A device for applying viscous material to workpieces includes a rotary lance in a holder apparatus and rotatable about a longitudinally-extending rotation axis, the lance having at least one material outlet. A needle valve associated with each material outlet has a longitudinally-extending valve needle used to close each material outlet on a valve seat. Each valve needle has an associated cylinder with a plunger chamber in which a plunger is movable by pressure applied by a fluid, the valve needle being permanently connected to the plunger. A tappet is connected to each plunger, the tappet, at its upper end facing away from the at least one valve seat, being sealingly guided out of the associated plunger chamber. The rotary lance has a measuring element which can be acted upon by the tappet and moved longitudinally; and the holder apparatus has a sensor for determining the measuring element position.

Description

The invention relates to an apparatus for applying viscous material to workpieces, in accordance with the preamble of claim 1.

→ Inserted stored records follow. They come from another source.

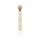 BIBS geflochtenes Schnullerband mit Clip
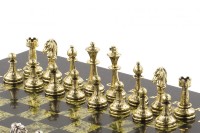 Шахматы из камня СТАУНТОН AZY-120761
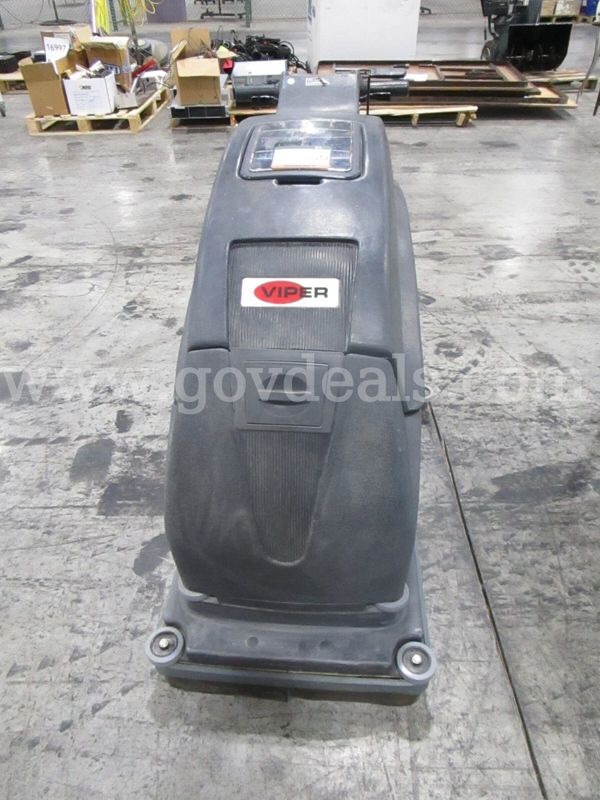Viper Floor Scrubber (E)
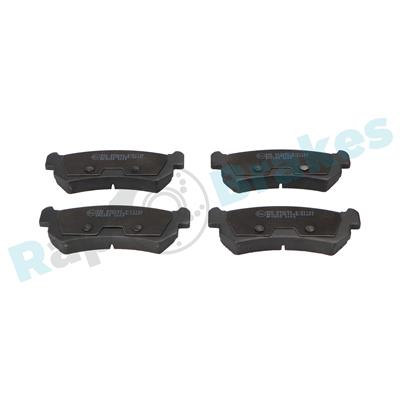 RAP BRAKES R-P1143 EAN: 5902701021429.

Such apparatuses are used to apply viscous materials, such as, for example, adhesives, sealants or varnishes to workpieces. In this regard, multiple nozzles having different geometries, mounted on the rotary lance, are often used, into which nozzles a material outlet opens, in each instance. A needle valve is assigned to each material outlet, the valve needle of which closes off or releases the material outlet in question at a valve seat. Cylinders are provided to activate the valve needles, wherein each valve needle is connected with the piston of a cylinder, which is moved by means of applying pressure using a fluid, in particular compressed air. In the case of known apparatuses of the type mentioned initially, the cylinders are arranged next to one another at an equal distance from the valve seats, and the apparatus is controlled in such a manner that always only one of the needle valves opens for material application. In this regard, a need exists for monitoring the switching state of the needle valves, so that it is always recognized when one of the valves is open. Such monitoring can be implemented in a simple manner in the case of apparatuses having only one needle valve, in that a magnet is moved along with the single piston, the position of which magnet is then detected by means of a magnetic sensor of the holding device. However, as soon as the rotary lance has multiple valves such monitoring is almost impossible, since the pistons cannot have a defined position relative to the magnetic sensor, because of the constant rotation of the rotary lance with reference to the holding device. The same thing is the case if the rotary lance has only one needle valve held in it off-center.

It is therefore the task of the invention to further develop an apparatus of the type stated initially, in such a manner that it can be monitored better.

This task is accomplished, according to the invention, by means of an apparatus having the characteristics of claim 1.

Advantageous further developments of the invention are the object of the dependent claims.

The invention is based on the idea of having all the pistons act on a common measuring element by means of the tappets, the position of which element can then be detected by the sensor.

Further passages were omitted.